I was feeling generous today, so I let the younger 3 get kids' meals with toys. They were so excited to get these
(do-it-yourself) Batman bobble head dolls. Sounds like fun, right? Wrong!

Daniel was still at work when we got home, so it was my job to help Landon put his together. I knew I was going to be in trouble when I opened the package and found this.
I am not very spatially intelligent. I need WORDS to guide me through the process. But this thing came with NO instructions. Only little tabs marked with ABC's and 123's and diagrams of what each piece was supposed to look like when it was finished. Not even a "start here".

Landon punched everything out for me and I had the task of making the flat pieces magically turn into a 3-D crime fighting friend.

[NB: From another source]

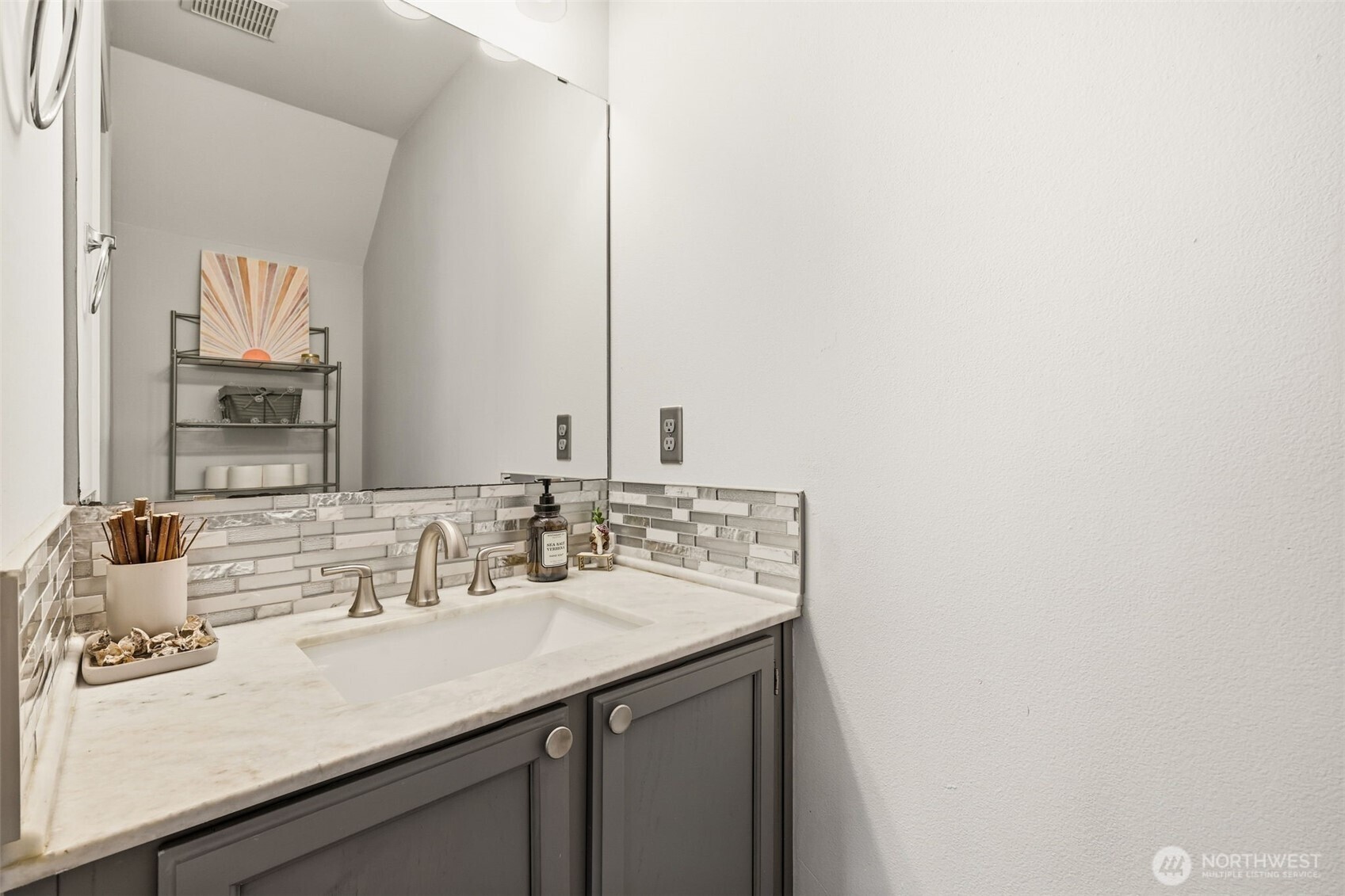 9825 18th Avenue B1 Property Photo 17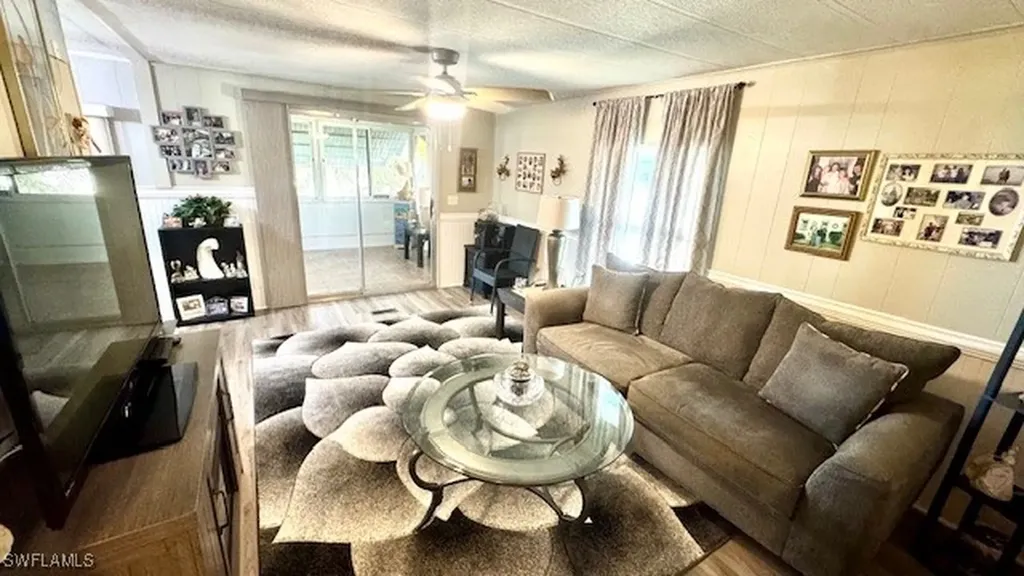 14596 Paul Revere Loop North Fort Myers FL 33917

I started with the "neck" piece and surprisingly got it pretty quickly. I was so proud until I set it down on the table and it popped open. Grr! So, I had Landon go get me the tape. It was going to stay together one way or the other. Got that piece done, then on to the "fist". Same problem. So I decided that every tab would get a piece of tape.

After about 10 minutes, Landon decided that he would rather watch TV so I was on my own. I got the fist done and moved onto the body, and head. Those two went pretty smoothly and I was starting to think I had underestimated my abilities.

Then, I came to the arms. Every time I would put one tab in, another would pop out.

Attracted by me yelling at the thing muttering under my breath "oh, come on!" and "how is THAT supposed to go THERE?", Cheyenne came in to offer moral support.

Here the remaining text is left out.